At 3 p.m. November 18, the University of Chicago held a memorial service for Zheng at Rockefeller Memorial Chapel. More than one thousand people attended the memorial service, including University of Chicago President Paul Alivisatos, Provost Ka Yee Christina Lee (利嘉仪), Zheng Shaoxiong's mother Li Rong (李蓉), father Zheng Xiaodong (郑晓东), Deputy Consul General of China to Chicago Bian Zhichun (边志春), representatives of the Greater Chicago Chinese Association, and Zheng Shaoxiong's teachers, classmates, and friends.

=== Community and society ===
On November 16, 2021, Chinese students in Chicago held a rally in memory of Zheng and protested against gun violence. They shouted, "We are here to learn, not to die!" More than 300 students, faculty, and community members participated in the rally.

In order to provide aid to his family, a donation drive was started in accordance to the request from Zheng's mother and was approved by the University of Chicago Chinese Students and Scholars Association. Donations began to be collected on November 15, 2021, and more than 5,200 people participated in the fundraising with an amount of US$30,000 collected in few days, far exceeding the initial target of US$25,000.

=== Chinese government ===
On November 11, 2021, the Consulate General of the People's Republic of China in Chicago issued an initial public statement. The Consulate General was deeply shocked and saddened by the unfortunate death of the Chinese student, and expresses deep condolences and sympathy to the victim's family. The Consulate General strongly condemned the brutal crime of killing innocent people, and demanded that the relevant United States authorities investigate and disclose the case as soon as possible, and take practical measures to protect the safety of Chinese citizens, including Chinese students.

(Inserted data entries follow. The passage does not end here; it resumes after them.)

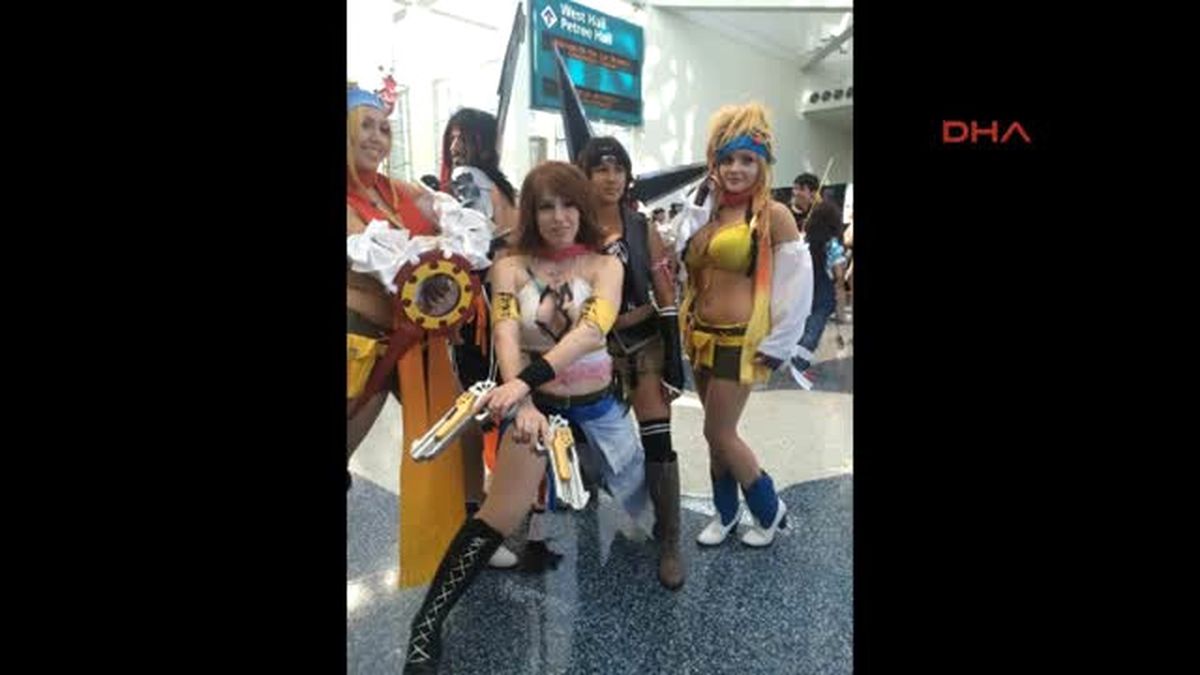 Los Angeles\'ta Anime Expo Ax 2015\'e Yoğun İlgi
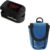 Zacurate Pro Series 500DL Fingertip Pulse Oximeter and Oximeter Carrying Case Bundle
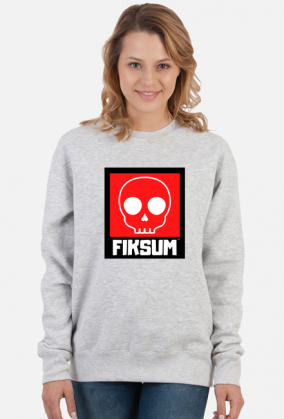 FIKSUM LOGO © KLASYK BLUZA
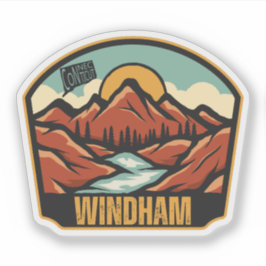 Windham, Connecticut Sticker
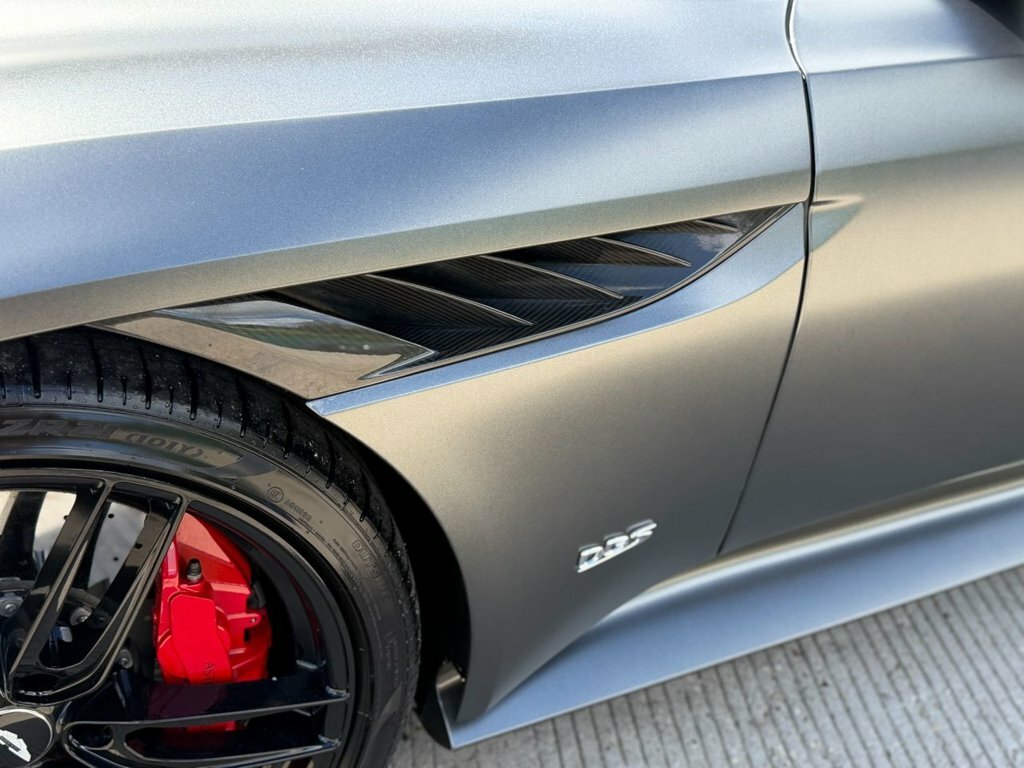 Aston Martin DBS V12 Black #18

On November 18, 2021, Qin Gang, then ambassador of China to the United States, issued a public statement on the embassy's website, expressing his condolences to Zheng's parents and urged the United States to bring the murderer to justice.

On November 19, the Consulate General of the People's Republic of China in Chicago issued a second public statement, strongly urging the governments in the United States to protect the safety of Chinese citizens from hate crimes and racist bullying. On the same day, Huang Liming (黄黎明), then acting consul general of China to Chicago, gave an essay-long video speech regarding the murder of Zheng and the Chinese government's position.

On November 22, 2021, Zhao Lijian, then spokesperson of the Ministry of Foreign Affairs of China, expressed his condolences to Zheng's family during the regular press conference.

=== University of Hong Kong ===
On November 13, 2021, the Department of Development and Alumni Affairs of the University of Hong Kong posted a message on WeChat mourning Zheng. Xiang Zhang, then president of the University of Hong Kong, expressed his deep condolences on Zheng's death.